Fed In The Red: Federal Reserve System Capital Has Gone Negative

Fed is bankrupt, in the red, keeps spending.

The Fed’s Capital Goes Negative

Recalling the famous line of Everett Dirksen — about how a billion here and a billion there starts to add up to real money — we are talking about serious losses.

By: Alex Pollack, NY Sun, March 31, 202316:00:27 pm

The Federal Reserve’s new report of its balance sheet shows that in the approximately six months ended March 29 it has racked up a remarkable $44 billion of cumulative operating losses. That exceeds its capital of $42 billion, so the capital of the Federal Reserve System has gone negative to the tune of $2 billion — just in time for April Fools’ Day.

This event would certainly have surprised generations of Fed chairmen, governors, and, we’d have thought, newspapermen. The Fed’s capital will keep getting more negative in April and for some long time to come, at least if interest rates stay at anything like their current level. The Fed in the first quarter of 2023 reported losses running at the rate of $8.7 billion a month.

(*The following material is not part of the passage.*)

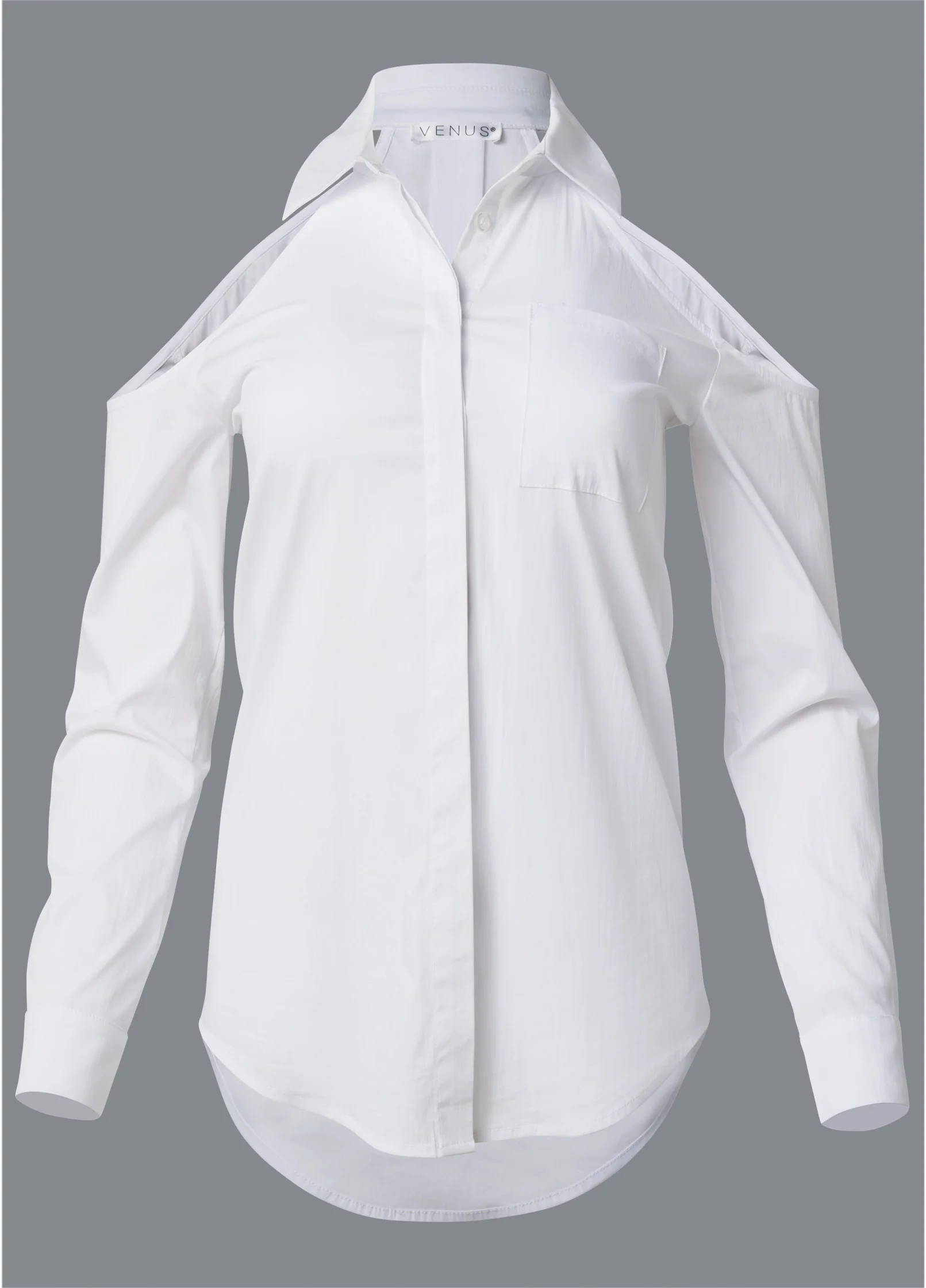 Cold-shoulder button-up top - White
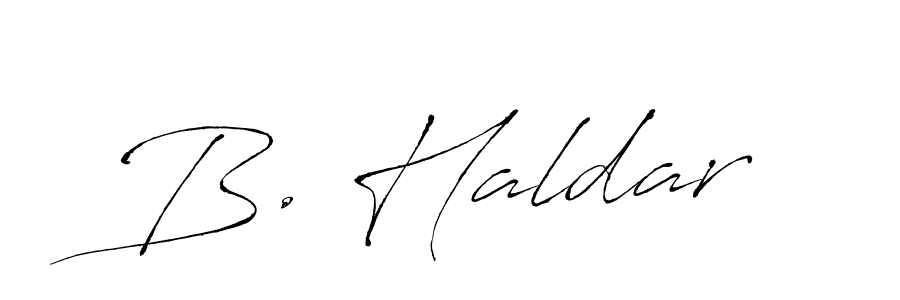 Make a beautiful signature design for name B. Haldar. With this signature (Antro_Vectra) style, you can create a handwritten signature for free. B. Haldar signature style 6 images and pictures png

On an annual basis that would be a loss of over $100 billion. Recalling the famous line of Everett Dirksen — about how a billion here and a billion there starts to add up to real money — we are talking about serious losses. These are cash, operating losses. The mark to market of the assets in Fed’s balance sheet also caused an unrealized loss of $1.1 trillion as of September 30.

To see the negative capital from the Fed’s weekly “H.4.1” report, one does have to do a bit of the simple arithmetic of the first paragraph. The Fed’s balance sheet claims its capital is $42 billion, but in violation of the most obvious accounting principle (from which it conveniently excepts itself), the Fed does not subtract its operating losses from its capital as negative retained earnings.

Instead, it accumulates the losses as an opaque negative liability, which balance is found in Section 6 of the report under the title “Earnings remittances due to the U.S. Treasury.” These are simply negative retained earnings: to get the right answer, you just subtract them from the stated capital.

Although the Fed itself and its defenders say that its negative capital and its losses don’t matter to a central bank, they do mean the Fed has become a fiscal drag on the American Treasury, a current cost to the taxpayers instead of a contributor of profits to it, as, just for the record, it was for more than a century.

The situation is certainly unbecoming for what is supposedly the world’s greatest central bank. Did the Fed intend to lose this much money and drive its capital negative? I think that the answer is no. Yet the Fed seems never to have explained to Congress how big a big money-loser and fiscal drag it would become.

The unprecedented $44 billion in operating losses so far, and their unavoidable continuation, are a feature of the post-1971 age of Nixonian fiat money, where the dollar is undefined in statute and unlinked from gold or silver specie.

This has allowed the Fed to have, in effect, made itself into the financial equivalent of giant 1980s savings and loan. Of the Fed’s $8.7 trillion in assets, there is a risk position of about $5 trillion of long-term fixed rate investments funded by floating rate deposits and borrowings.

Of these investments, $2.6 trillion are mortgage securities made out of 30-year fixed rate mortgages. The result is an extreme interest rate risk, which turned into big losses when interest rates rose. This interest rate risk is similar to that of Silicon Valley Bank.